We’ll boycott route over high charges, warn tour guides

Tanzania tour operators have threatened to stop using the Mto wa Mbu-Lake Natron-Oldonyo Lengai route due to a myriad of charges imposed by local authorities.Tourists travelling to Lake Natron and mountain of God -- Oldonyo Lengai -- have since 2002 been subjected to cough US$35 each just in transit.

Monduli, Longido and Ngorongoro district councils had imposed these unspecified charges for each foreign tourist.

Tourists pay $10 at Engaruka gate in Monduli District Council, another $10 at Oldonyo Lengai gate for Longido District Council, while Ngorongoro District Council collects as high as $15 at Engarasero gate.

Now Tanzania Association of Tour Operators (Tato) said from March 1, 2013 they would exclude the route on their itineraries to save their clients from paying the exorbitant charges.

“It is very unfair to charge a tourist $35 even before seeing anything,” Tato executive secretary Mustafa Akuunay told a press conference on Tuesday. He added that business was all about negotiations and did not need harsh laws.

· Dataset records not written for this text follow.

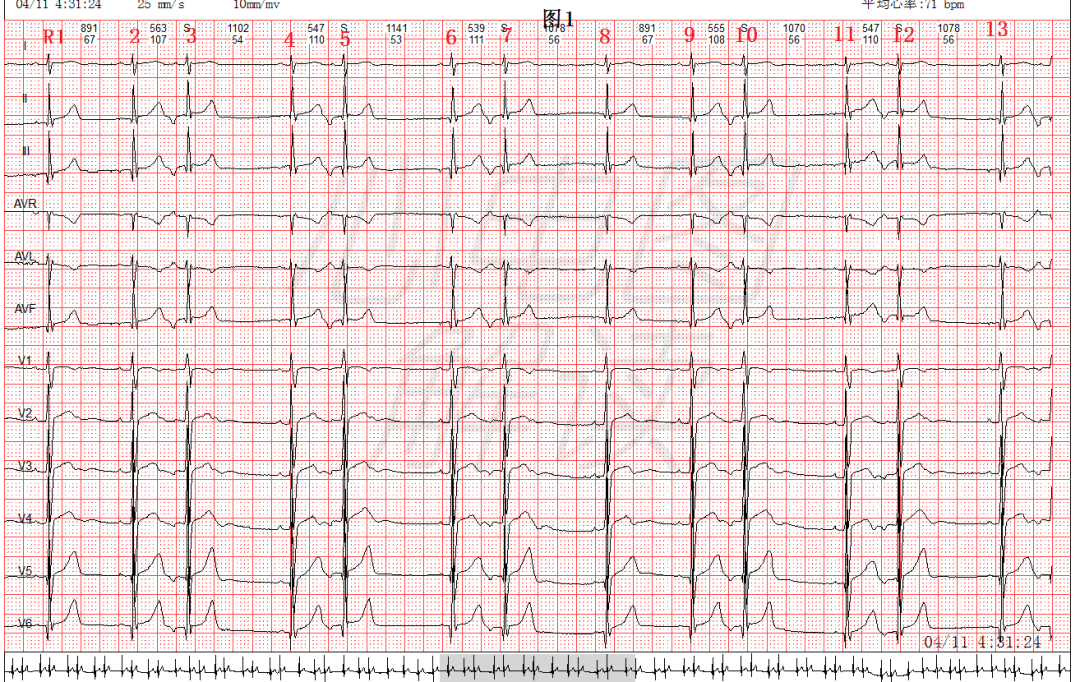 房性早搏二联律逆传p的判断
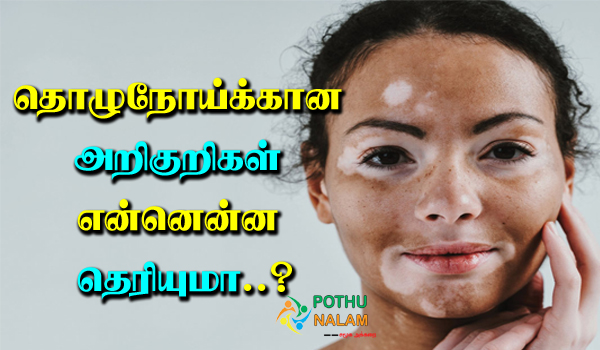 Leprosy Symptoms in Tamil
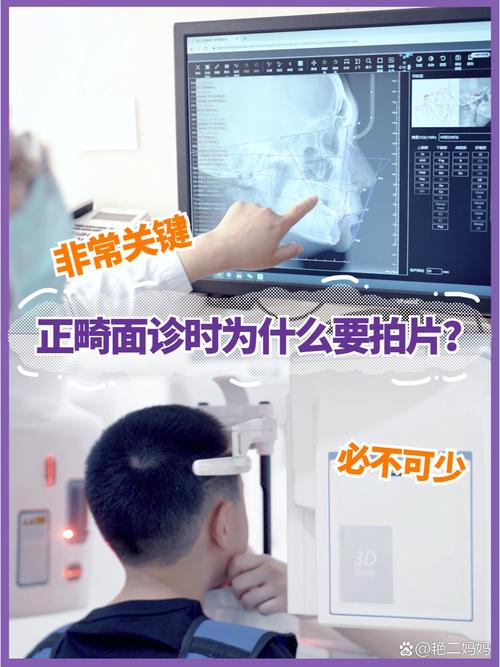 牙齿矫正需要拍片吗-图2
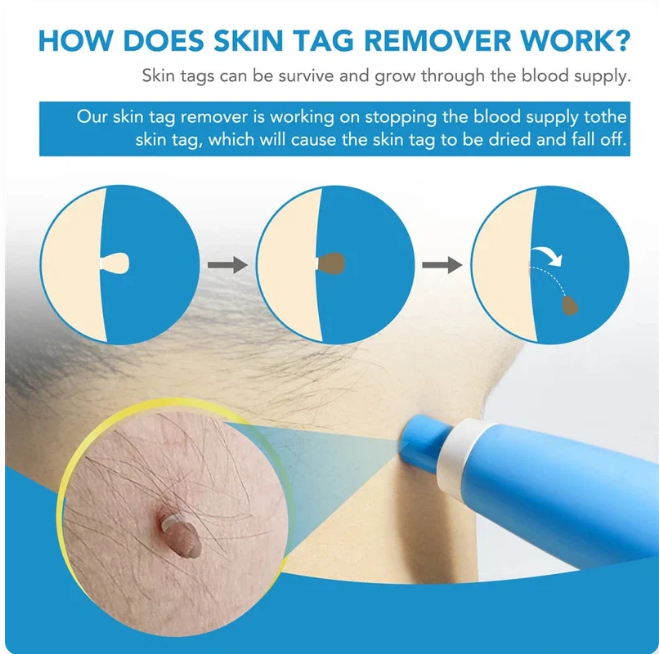 Double Headed Pen Set Auto Skin Tag Remover Kit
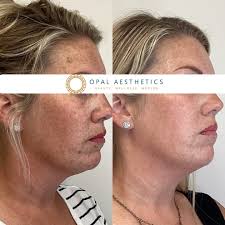 Crystal Sponamore BSN, RN (@crystal_injects) • Instagram photos and videos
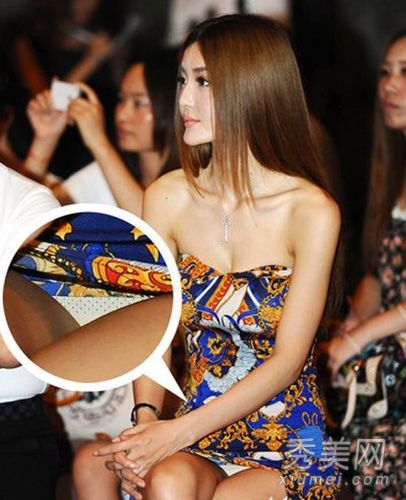 汽车模型李颖芝下巴变形疑似整形手术失败后遗症加剧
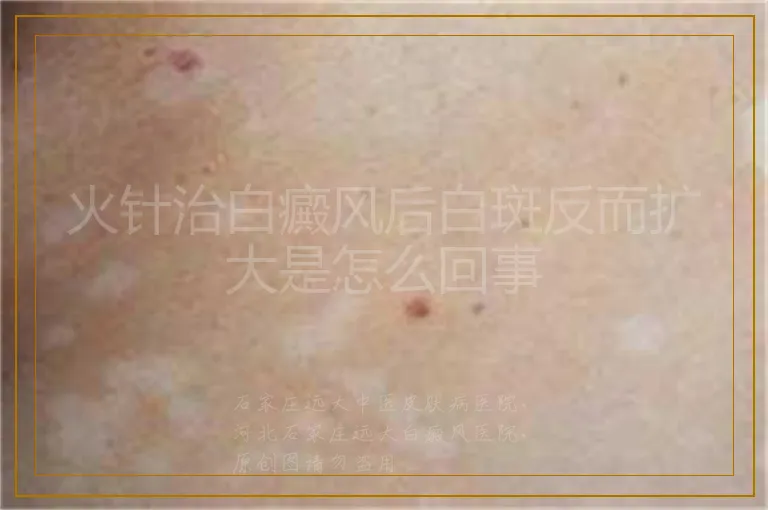 火针治白癜风后白斑反而扩大是怎么回事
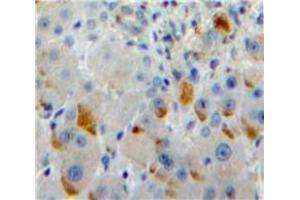 Used in DAB staining on fromalin fixed paraffin-embedded Liver tissue (SIGLEC7 抗体  (AA 381-467))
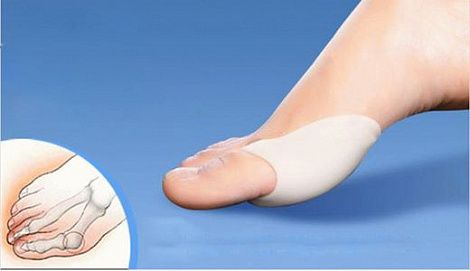 Фиксатор для косточек на ногах Вальгус Про (Valgus Pro)
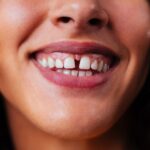 separación entre dientes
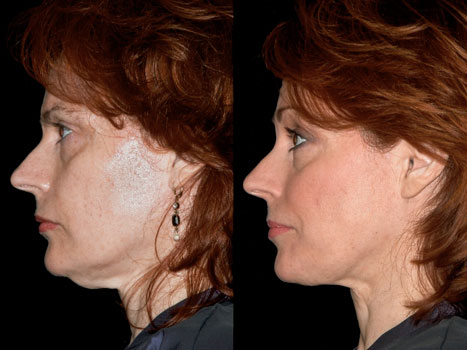 thermage1-before-and-after.jpg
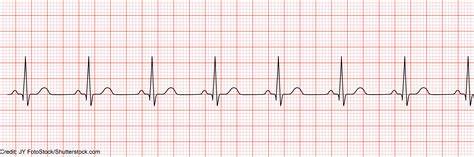 Ecg Strip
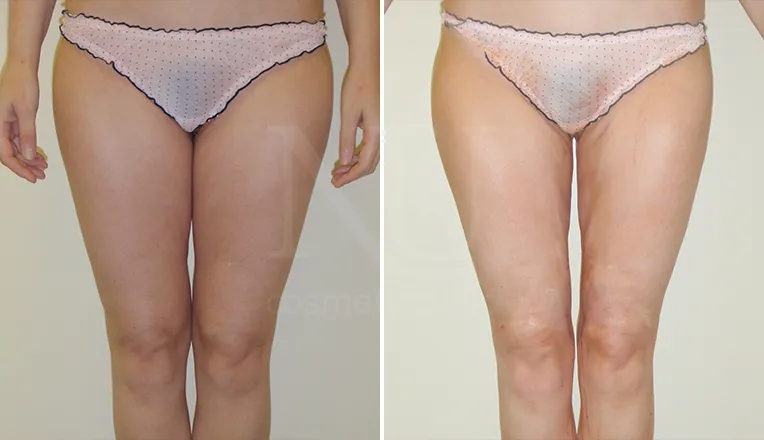 vaser lipo legs patient before and after result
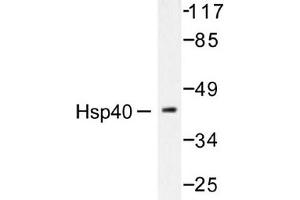 Image no. 2 for anti-DnaJ (Hsp40) Homolog, Subfamily B, Member 1 (DNAJB1) antibody (ABIN265471) (DNAJB1 抗体)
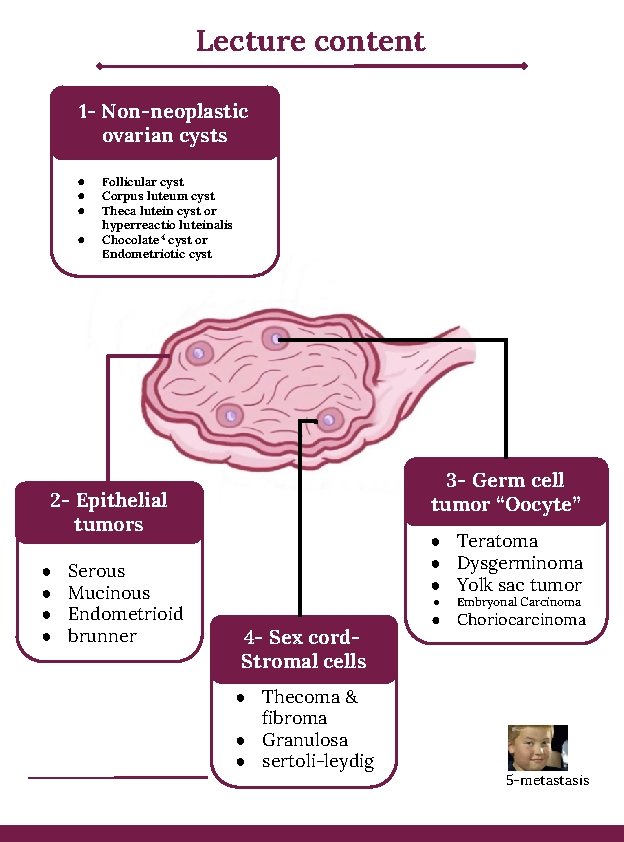 Lecture content 1 - Non-neoplastic ovarian cysts ● ● Follicular cyst Corpus luteum cyst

Due to the exorbitant charges, the tour vehicles taking tourists through Mto wa Mbu have fallen from 15 to only six per week, about 60 per cent decline, thus denying local people who sell cultural items to tourists the opportunities.

Coordinator of cultural tourism at Mto wa Mbu Wesley Kileo told this reporter over the phone that Tato’s decision would be a major blow to the local people whose lives depend on tourism. 

For instance, Mr Kileo said, the tourism zone created employment to nearly 500 youth in the form of tour guides as well as workers at various campsites and lodges at Lake Natron, Engaruka ruins and Oldonyo Lengai Mountain.

“This area is dry, so, there’s no other meaningful economic undertaking other than tourism business. For the poor families living along the route, it will be a major blow to them,” he explained.

Mr Kileo said the local authorities should review their decision to avert the crisis as the high tourism season is getting underway.

Early this month, the three district councils rejected a proposal to abolish the charges put forward by Arusha regional commissioner Magessa Mulongo. 

The authorities told the RC’s appointed commission on the matter that if they abolished the charges, their budgets would be negatively impacted.Analysts say the route was a rare example of transferring tourist’s dollars to common people directly and through multiplier effects.

Mr Amasi William, a freelance tour guide in Arusha, said transferring dollars from international tourists to poor people living around tourist destinations has been a major challenge throughout East Africa and the world.

This might be true, for instance, lots of dollars are generated from Tanzania`s world-famous northern tourist circuit, but very little trickles into the pockets of ordinary people who live in its vicinity.

While the northern safari circuit covering 300km attracts over 700,000 tourists with combined revenues of $950 million, only 18 per cent, about $171 million goes to the communities through multiplier effects.